NGINX in TKG Cluster in vSphere Workload Management - Road to Kubeflow in vSphere

Welcome to the third part in this series. This series has the target to finally deploy Kubeflow in vSphere, but the post is only one of the steps required for our destination.

Don’t forget to catch up if you missed how we set up Workload Management (the supervisor cluster) or this brief differentiation between TKG Cluster and the Workload Management supervisor cluster.

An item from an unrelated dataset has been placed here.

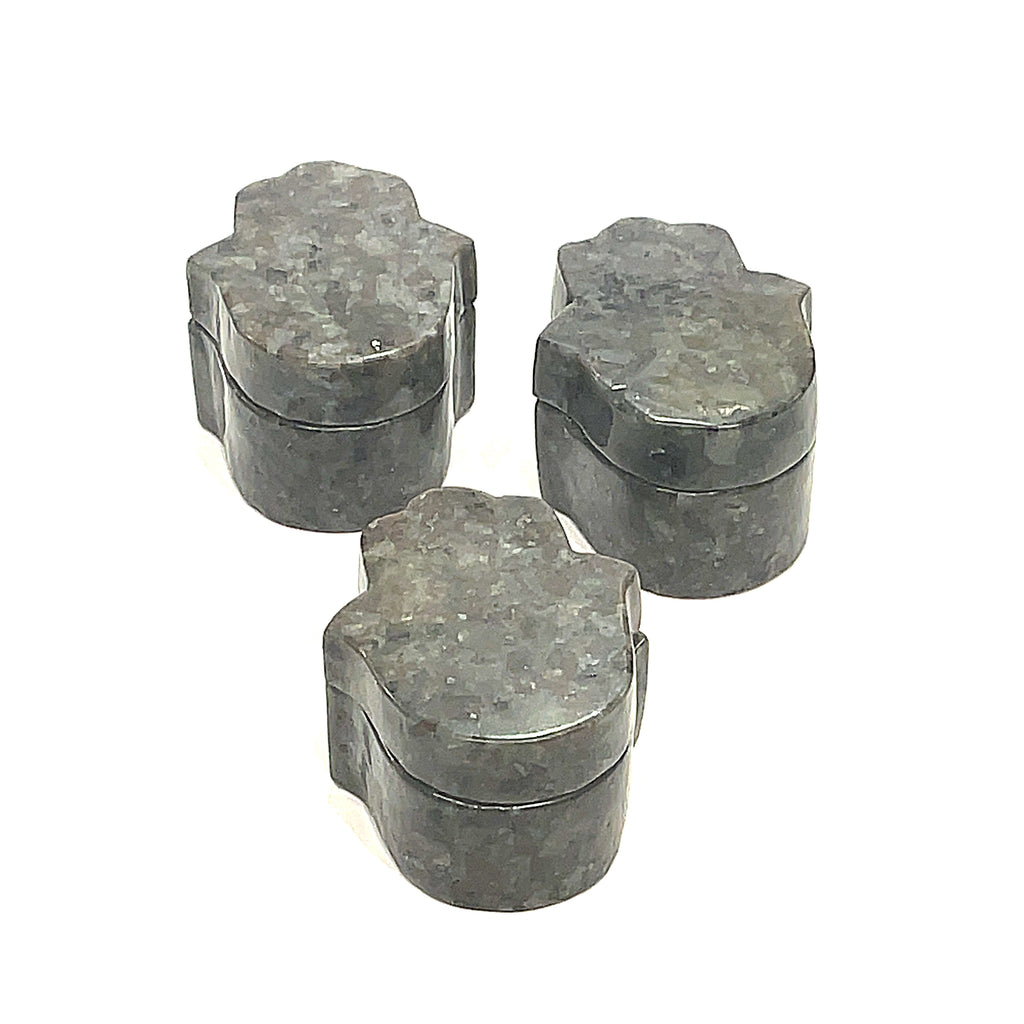 Yooperlite gemstone humza boxes plate/bowl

What you’re going to learn

We’ll set up a TKG cluster within vSphere 7 in the supervisor cluster created by the Workload Management. For this to successfully work we need to create a content library, authenticate with the kubectl vSphere plugin and utilize TKG for obtaining all necessary information. Finally, we’ll make sure to deploy a NGINX. I give you an example on how to overcome the Pod Security Policy, which is enabled on TKG Clusters.

Necessary for completion:

For a successful NGINX Deployment, you’ll need the vSphere admin account, not the admin role, this is NOT enough. Theoretically it’s not necessary, for CREATING the TKG cluster, but you will have to guess some parameters. Unfortunately, you can’t access crucial information without the admin account. When you have obtained this information, each configured user later on may be enabled to create the TKG cluster on their own.

Additional make sure to download this binary TKG CLI . This is also technically not necessary, but it’ll ease the access to information.

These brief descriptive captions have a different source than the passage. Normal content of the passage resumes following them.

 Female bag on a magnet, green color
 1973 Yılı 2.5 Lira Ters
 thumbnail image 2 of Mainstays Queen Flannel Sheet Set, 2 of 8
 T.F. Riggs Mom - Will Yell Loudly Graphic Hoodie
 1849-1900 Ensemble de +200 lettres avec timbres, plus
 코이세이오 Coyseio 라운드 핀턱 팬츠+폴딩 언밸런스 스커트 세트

Breaking down this tutorial

All steps for your TKG Cluster and the NGINX Deployment:

Subscribe the content library from VMware (for obtaining OVF Templates)
Create a namespace, where you want to deploy your TKG Cluster
Create a TKG Cluster
Create NGINX Deployment

1. Subscribing the content library from VMware

In the first post I explained, that the TKG Cluster is realized as VMs i.e. the Kubernetes control planes and worker nodes are VMs. Therefore, we need OVF templates, so TKG can set up these VMs. This step is solely needed, when you want to utilize TKG, otherwise this is not necessary.

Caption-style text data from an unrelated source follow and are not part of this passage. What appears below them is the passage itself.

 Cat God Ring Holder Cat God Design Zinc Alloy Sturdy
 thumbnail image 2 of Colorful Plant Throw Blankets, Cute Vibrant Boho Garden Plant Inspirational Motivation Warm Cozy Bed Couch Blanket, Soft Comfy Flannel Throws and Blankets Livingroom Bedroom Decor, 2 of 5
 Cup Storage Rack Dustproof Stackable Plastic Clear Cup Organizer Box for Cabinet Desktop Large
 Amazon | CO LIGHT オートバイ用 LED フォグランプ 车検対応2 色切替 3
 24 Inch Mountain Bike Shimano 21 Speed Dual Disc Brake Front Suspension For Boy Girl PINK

Connect to vSphere Client and select Content Libraries via the Menu

setting up content library step 1 — setting up the content library step 1

Create a new Content Library

Choose a name, and on which vCenter Server to save, click next

Subscribe to the following URL:

https://wp-content.vmware.com/v2/latest/lib.json

Make sure that you select “immediately”, because if not, TKG won’t find the OVF templates, and when applying the TKG Cluster .yaml file, Kubernetes will throw an error!

Ignore this warning. The chosen URL is from VMware and a check via the browser against that URL shows no certificate problems. Click Yes!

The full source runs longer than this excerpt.